Wednesday, October 9, 2013

Art - the Gift that Keeps on Giving

A new term has started and here I am, furiously dogpaddling to stay above the work load! It's week 2, which means that thesis topics need to be brewing in my mind, and soon (hopefully) percolating down through my fingers, into nicely written papers.

For one class I have to choose an ancient work of art that has been reused and write a paper about it. Upon thinking hard about this, I came up blank. Of course I could think of examples of reused works: the Mona Lisa, American Gothic, Michelangelo's David, the Birth of Venus--but none of these were from the right time period!

So I panicked a little.

Since then examples have been popping into my mind at the most random times. For example:
 

Venus of Samothrace, Greek



Unique Forms of Continuity in Space, Umberto Boccioni
Or this one:
 
 

Detail from mosaic of Alexander the Great


Detail from Guernica, Pablo Picasso
 All right, maybe that's just a similarity, not a reuse. But what about this one:


 

Kouros, Greek

Kouros, Isamu Noguchi
                       
 And what about this?
 

Venus of Laussel

     
Woman I, Willem de Kooning

The point is that there are plenty of examples of reused images in art--all of mine are modern, but that's just because I know modern art best. It's easy to say that modern works are indebted to their antecedents, whether directly or indirectly, because isn't this true? By studying the art of the past, modern artists have set themselves up to think about old themes, old styles, old works of art. Imitation could very well be accidental in some of the cases above, and it shouldn't be surprising that certain themes recur through art again and again even without any relation.

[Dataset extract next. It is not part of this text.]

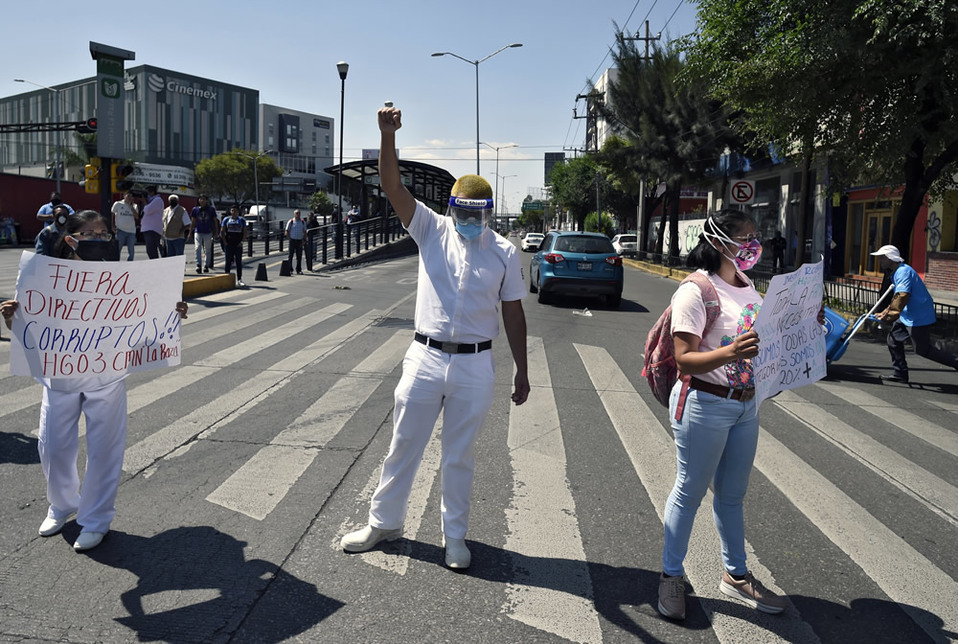 Protesta de enfermeros en el hospital de La Raza (FOTO: AFP)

At the same time, it's in our nature as human beings to compare the new to the old, to hold one image up in light of those that have come before. Because new art should be new, but at the same time must be comprehensible, meaning that it must have some connection to what we already consider art. Whether artists draw visual or thematic cues from the past, they undoubtedly do draw something. Has any art ever been created in a vacuum? I don't think it's possible, as no person lives in a vacuum. We are all a product of our influences and experiences, whether in life or art.